Pihak berwenang mengatakan, Badai Chido diperkirakan menewaskan ribuan orang. Namun upaya menghitung korban jiwa kemungkinan akan sulit dilakukan karena mayoritas Mayotte beragama Islam yang segera mengubur kerabat dan keluarga mereka. Tak hanya itu, terdapat fakta banyak korban tewas merupakan imigran tanpa dokumen.
Keterlambatan datangnya bantuan dan air bersih - yang sudah menjadi masalah sebelum bencana - membuat penduduk Mayotte, wilayah termiskin di Prancis, marah.
Mohamed Abdou, seorang dokter di Pamandzi, menyebut hari berkabung nasional Prancis sebagai “aksi politik” protes pengabaian Prancis terhadap infrastruktur, listrik dan distribusi bantuan, di Mayotte. Sementara penduduk lainnya menyoraki Presiden Emmanuel Macron yang berkunjung pekan lalu.

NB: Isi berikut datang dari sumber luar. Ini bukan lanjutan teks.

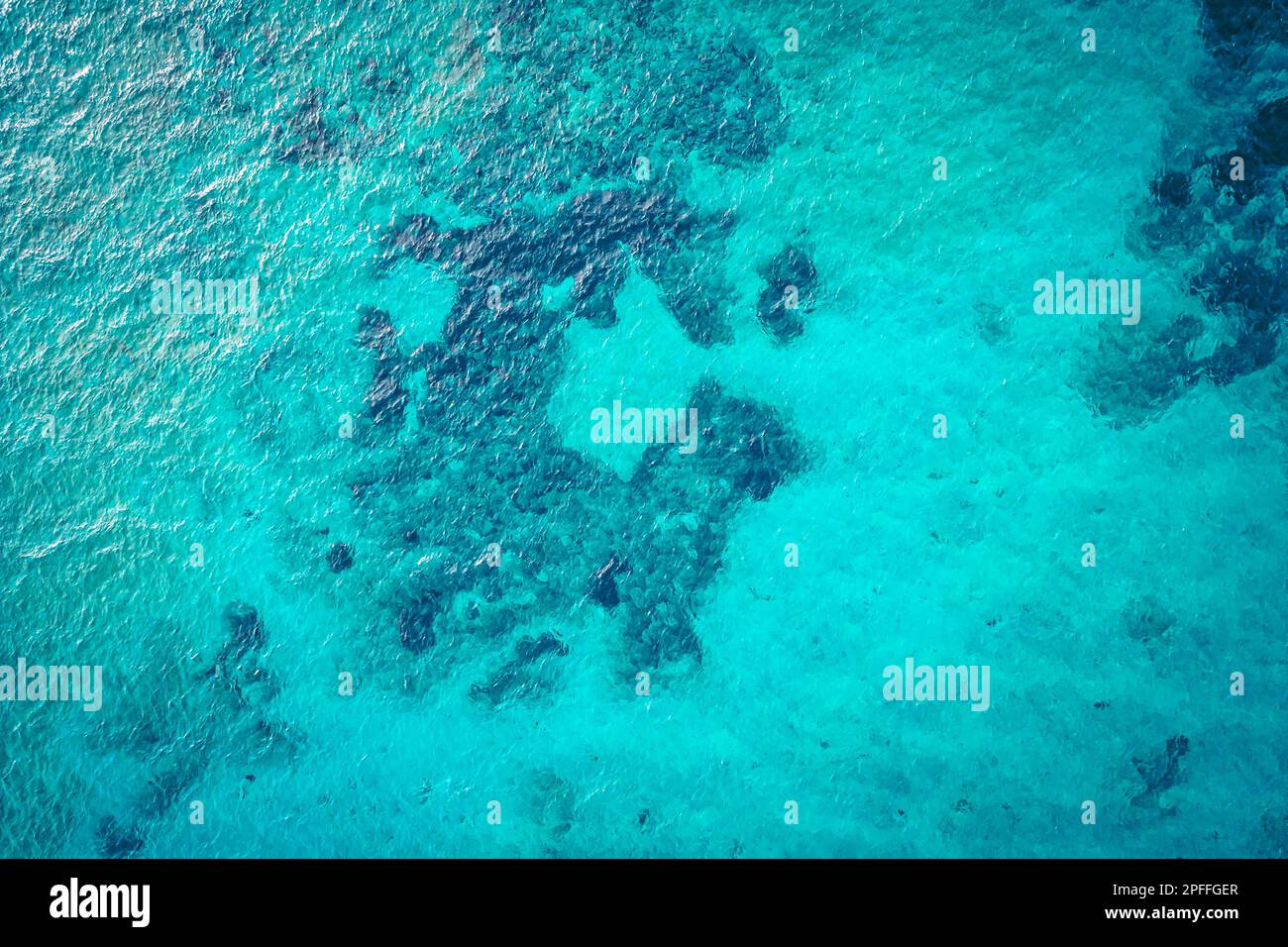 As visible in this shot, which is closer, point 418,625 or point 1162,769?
point 1162,769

Sebelumnya dilaporkan Macron berdebat keras dengan korban badai Chido di Mayotte. Saat disoraki warga, Macron membalasnya dengan mengatakan wilayah itu akan berada dalam "masalah yang lebih parah" tanpa bantuan Prancis.
Satu pekan setelah Chido menghantam Mayotte, warga masih kesulitan mengakses air bersih. "Tujuh hari dan kalian tidak bisa memberi air kepada warga," teriak seorang pria kepada Macron yang berkunjung ke pulau itu pekan lalu.
"Jangan adu domba warga, bila anda adu domba warga, kita akan kacau," kata Macron pada masa di pemukiman Pamandzi, Kamis (16/12/2024) lalu.